The RUNO exclusion means generally that an auto insurance company will not provide benefits that would otherwise be required if the incident giving rise to a claim involves an individual covered under the policy who regularly uses a vehicle not covered by that insurer’s policy. Fundamentally, this exclusion is designed to prevent an insurer from being called to answer for a vehicle it does not insure, and for conduct it did not intend to insure. 

A sad example of how this exclusion works has to do with police officers. Assume that an officer has purchased his or her own auto policy that provides good coverage for the officer and the officer’s family. One of the keystones of a good auto policy is the provision of uninsured (UM) and underinsured (UIM) motorist coverage. These benefits apply where the responsible driver has either no insurance (UM) or inadequate insurance (UIM) to meet the needs of the case. Also assume that the officer is severely injured in an auto accident during the course of his or her duties, and that the responsible driver has little or no insurance coverage. One would think that this is exactly why the officer has purchased UM and UIM coverage, and that he should have access to it under his own policy. Not so. The RUNO exclusion prevents the officer from recovering UM or UIM benefits under his own policy because he was driving a vehicle that he did not own, but drove regularly.
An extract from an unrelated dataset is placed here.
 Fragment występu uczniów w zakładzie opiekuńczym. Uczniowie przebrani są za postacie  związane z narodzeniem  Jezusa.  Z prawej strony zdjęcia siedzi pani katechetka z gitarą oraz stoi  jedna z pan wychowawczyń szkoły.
That officer may well feel that he paid for nothing when he purchased that coverage. Moreover, the victim’s life may have been changed forever due to someone else’s negligence, and there is no hope of being fully compensated.
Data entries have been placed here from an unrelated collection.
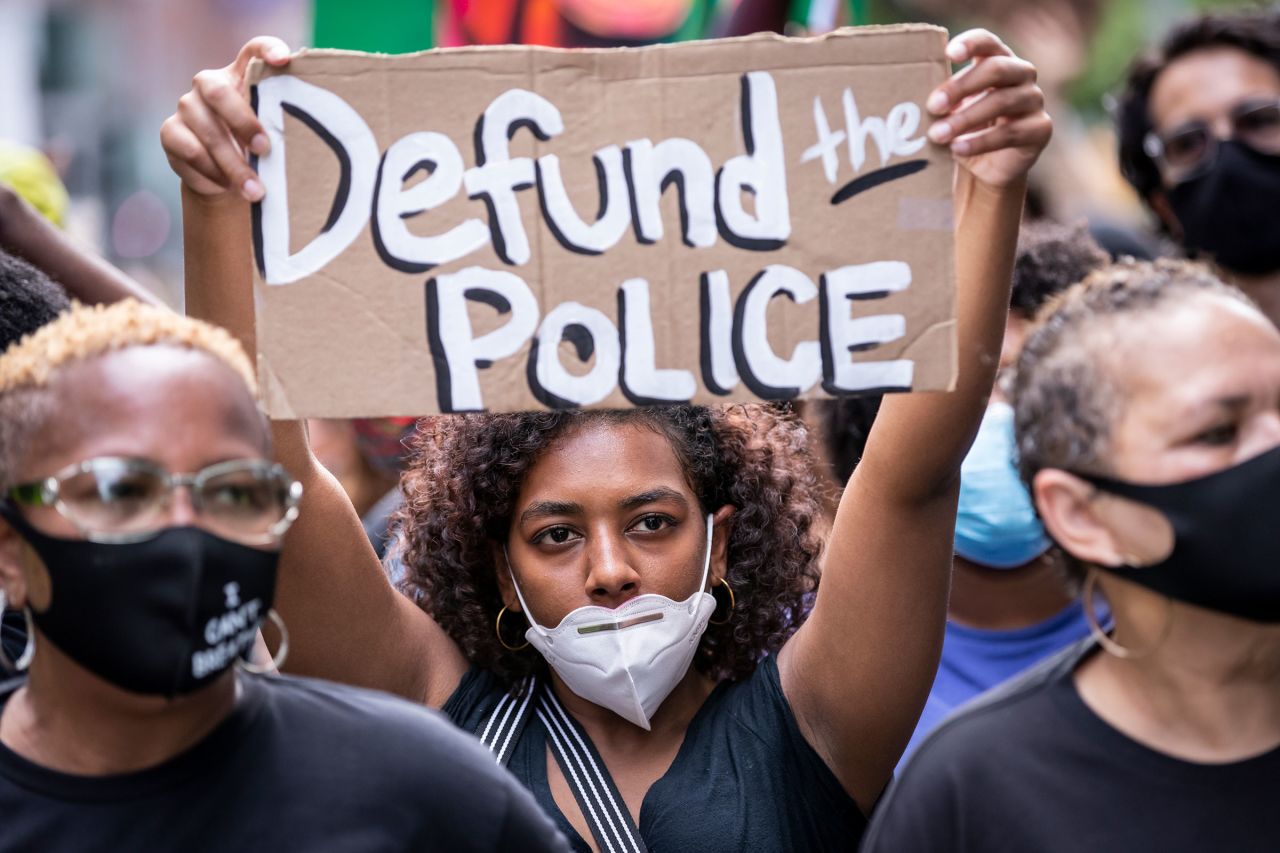 A protester wears a mask and holds a homemade sign that says, "Defund the Police" as they perform a peaceful protest walk across the Brooklyn Bridge in New York on June 19, 2020.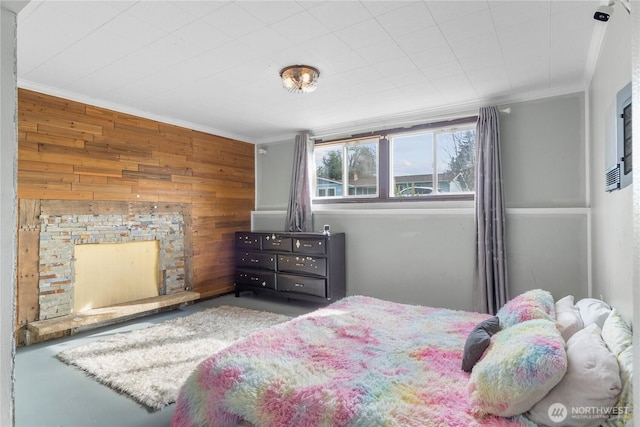 bedroom featuring ornamental molding, wood walls, and a fireplace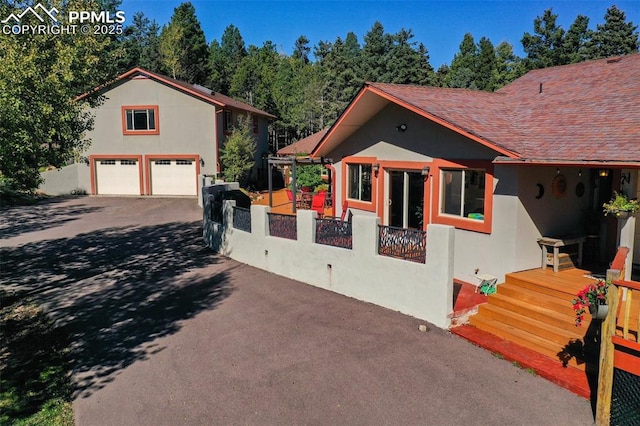 view of home's exterior featuring a fenced front yard, a detached garage, a shingled roof, and stucco siding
To be fair, it must be acknowledged that an insurer does not intend to insure against all the risks involved in operating a police vehicle when it sells a personal policy. Further, individuals who drive an employer’s vehicle as part of their work are generally covered under the employer’s workers compensation and auto insurance policies. However, UM and UIM coverages are not mandatory, and one who is injured while driving for an employer may find that the employer declined to afford such coverage. Such an employee may be left far from whole after sustaining serious injuries while driving the employer’s vehicle. 
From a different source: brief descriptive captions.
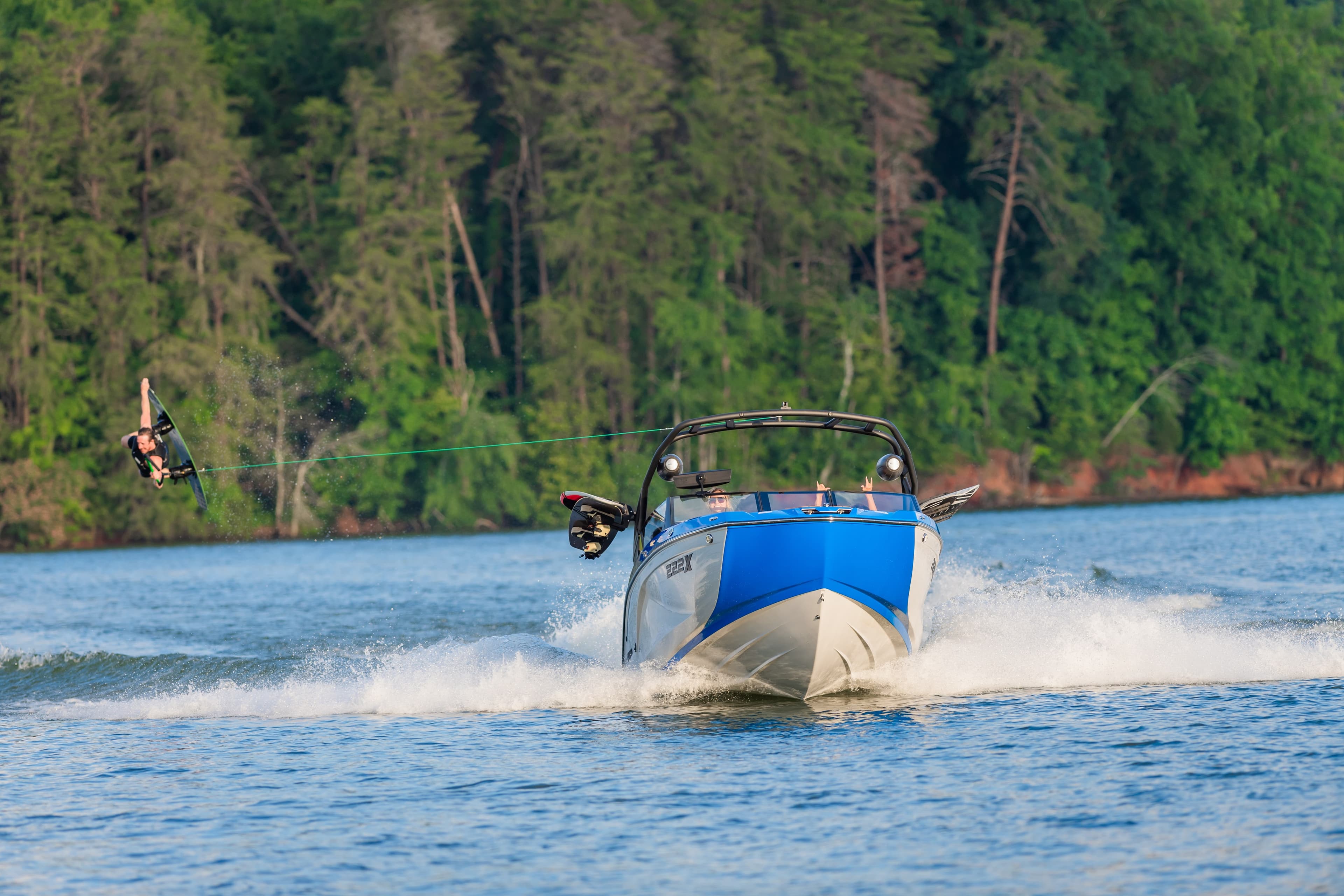 Wakeboarder performing an aerial jump behind a wakeboard boat on a lake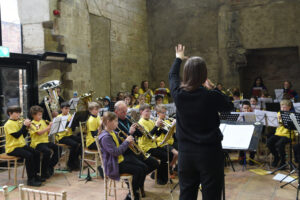 Young musicians sat with instruments, conductor stood in front.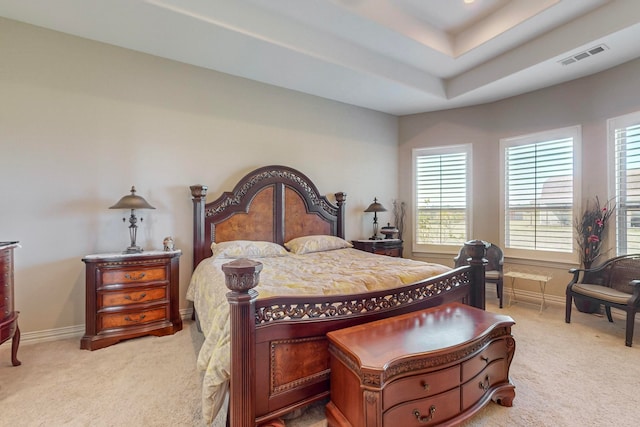 bedroom featuring light carpet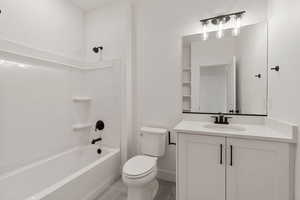 Bathroom with vanity, shower / tub combination, and light tile patterned floors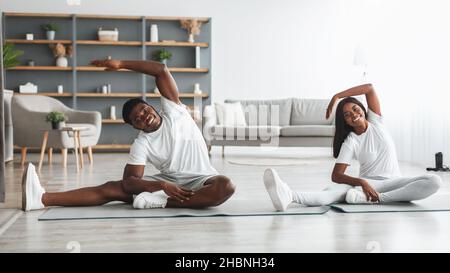 Young black couple doing side bend exercise together Stock Photo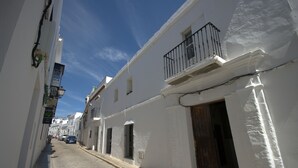 A narrow, cobblestone street lined with white buildings featuring balconies and wooden doors. - 340 Livingtarifa Warhol (Tarifa)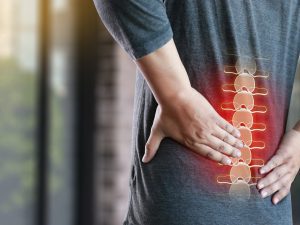 A person holds their lower back with the initial symptoms of cauda equina syndrome.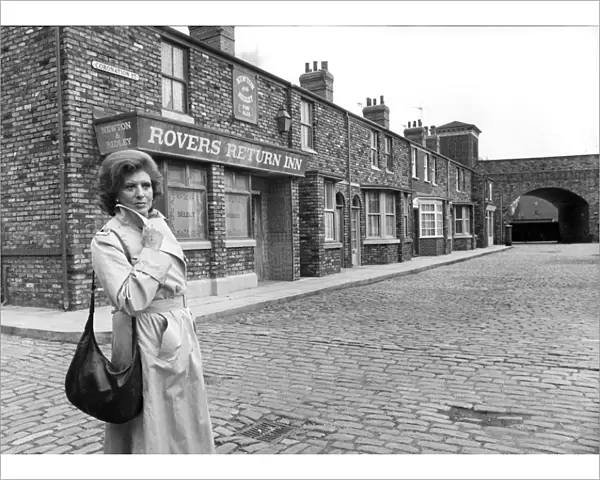 Pat Phoenix stands outside the Rovers Return in Coronation Street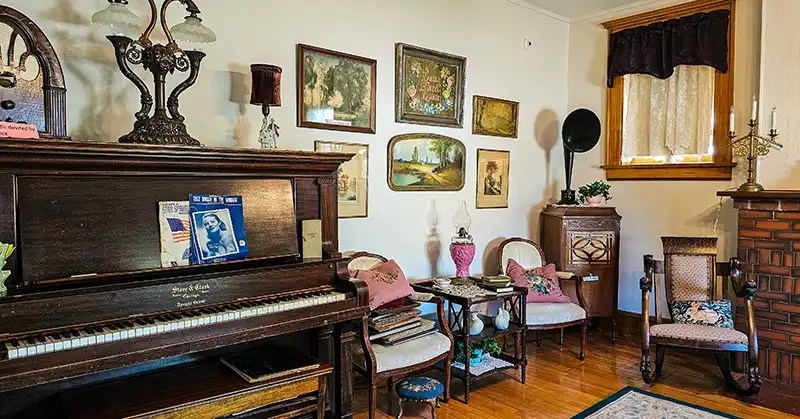 Family piano with comfy chairs and cushions.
More to the point for the average family, however, is the reality that the same scenario may play out in more surprising but no less harmful ways. In the case of Rother v. Erie Insurance Exchange, a 2012 case from the Pennsylvania Superior Court, the youthful accident victim was denied UIM benefits because he was driving his father’s vehicle, and not that of his mother. The boy lived with his mother who had UIM coverage in her policy. However, he was driving his father’s separately insured vehicle at the time of the accident. For a mere two weeks prior to the accident the son had used his father’s vehicle to commute to and from work , and for emergencies. Nevertheless, the court ruled that this use was regular, and not isolated, casual or incidental. The RUNO exclusion applied, and UIM benefits were denied.

Many other such fact patterns can be readily imagined: the college kid borrows his aunt’s vehicle for a semester; one has a prolonged stay with a friend or relative, and drives their vehicles during that period; a teen buys a car and cut-rate auto insurance separate from the rest of the family vehicles, etc. All of these people are at risk for what is known as the “coverage tragedy.” 

The lessons to be learned from these examples are (1) that it is best, even if more expensive, to have all household autos insured under one good policy, and (2) that it is imperative to determined what kind of auto coverage applies to a vehicle the one does not own, but will use on a regular basis. Having use of a poorly insured vehicle is no bargain, and can lead to tragic results.